What to do: Scan the entries below and tally the lines that include "view". Return nothing but the tally.
————————
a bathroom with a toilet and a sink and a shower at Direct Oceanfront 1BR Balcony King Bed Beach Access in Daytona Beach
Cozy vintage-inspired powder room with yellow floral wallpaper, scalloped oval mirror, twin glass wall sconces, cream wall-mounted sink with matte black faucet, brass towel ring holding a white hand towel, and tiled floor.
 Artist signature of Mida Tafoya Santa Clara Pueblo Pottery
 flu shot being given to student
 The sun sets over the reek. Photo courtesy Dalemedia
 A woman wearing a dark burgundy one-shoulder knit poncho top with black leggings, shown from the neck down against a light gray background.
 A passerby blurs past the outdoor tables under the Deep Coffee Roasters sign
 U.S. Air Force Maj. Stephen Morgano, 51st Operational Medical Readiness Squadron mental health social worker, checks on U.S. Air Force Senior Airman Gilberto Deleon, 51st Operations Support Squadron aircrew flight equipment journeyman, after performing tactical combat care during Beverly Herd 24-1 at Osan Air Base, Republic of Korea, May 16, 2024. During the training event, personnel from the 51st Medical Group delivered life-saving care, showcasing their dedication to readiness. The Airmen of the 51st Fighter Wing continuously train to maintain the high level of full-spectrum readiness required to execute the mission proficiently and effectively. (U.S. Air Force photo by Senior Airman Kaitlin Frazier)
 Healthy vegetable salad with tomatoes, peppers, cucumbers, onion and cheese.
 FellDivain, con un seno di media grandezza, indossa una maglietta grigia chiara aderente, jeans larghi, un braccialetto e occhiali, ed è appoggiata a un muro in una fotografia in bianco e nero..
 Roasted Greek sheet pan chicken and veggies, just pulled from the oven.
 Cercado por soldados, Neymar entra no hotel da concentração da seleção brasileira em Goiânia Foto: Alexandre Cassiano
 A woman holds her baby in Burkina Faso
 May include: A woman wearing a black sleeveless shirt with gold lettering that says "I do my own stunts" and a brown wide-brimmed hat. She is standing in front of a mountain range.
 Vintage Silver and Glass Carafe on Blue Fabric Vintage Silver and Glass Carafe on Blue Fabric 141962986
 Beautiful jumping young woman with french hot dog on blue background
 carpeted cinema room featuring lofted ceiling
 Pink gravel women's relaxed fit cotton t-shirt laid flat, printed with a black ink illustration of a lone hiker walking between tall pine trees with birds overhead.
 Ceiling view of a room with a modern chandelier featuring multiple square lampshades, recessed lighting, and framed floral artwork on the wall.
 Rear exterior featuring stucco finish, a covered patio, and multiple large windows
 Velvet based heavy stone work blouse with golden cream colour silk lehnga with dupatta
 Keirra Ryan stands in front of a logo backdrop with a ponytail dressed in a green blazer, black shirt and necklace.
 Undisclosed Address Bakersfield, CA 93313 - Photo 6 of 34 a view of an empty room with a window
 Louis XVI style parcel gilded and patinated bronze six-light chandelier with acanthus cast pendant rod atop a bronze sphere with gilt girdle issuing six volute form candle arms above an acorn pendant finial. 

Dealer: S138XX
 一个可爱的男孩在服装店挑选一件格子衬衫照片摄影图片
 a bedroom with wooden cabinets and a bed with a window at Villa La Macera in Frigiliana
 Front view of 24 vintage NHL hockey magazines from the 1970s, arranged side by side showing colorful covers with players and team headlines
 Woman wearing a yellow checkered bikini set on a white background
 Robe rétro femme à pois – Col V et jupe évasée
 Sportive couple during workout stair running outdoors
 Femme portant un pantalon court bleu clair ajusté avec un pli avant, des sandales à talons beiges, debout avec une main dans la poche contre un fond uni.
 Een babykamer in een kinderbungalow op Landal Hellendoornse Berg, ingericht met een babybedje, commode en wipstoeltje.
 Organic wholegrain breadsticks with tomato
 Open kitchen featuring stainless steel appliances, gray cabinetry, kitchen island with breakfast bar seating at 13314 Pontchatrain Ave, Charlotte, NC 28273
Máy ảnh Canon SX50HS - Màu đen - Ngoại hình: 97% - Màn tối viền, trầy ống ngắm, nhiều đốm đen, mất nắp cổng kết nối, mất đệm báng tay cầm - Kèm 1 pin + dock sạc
————————
Reply: 3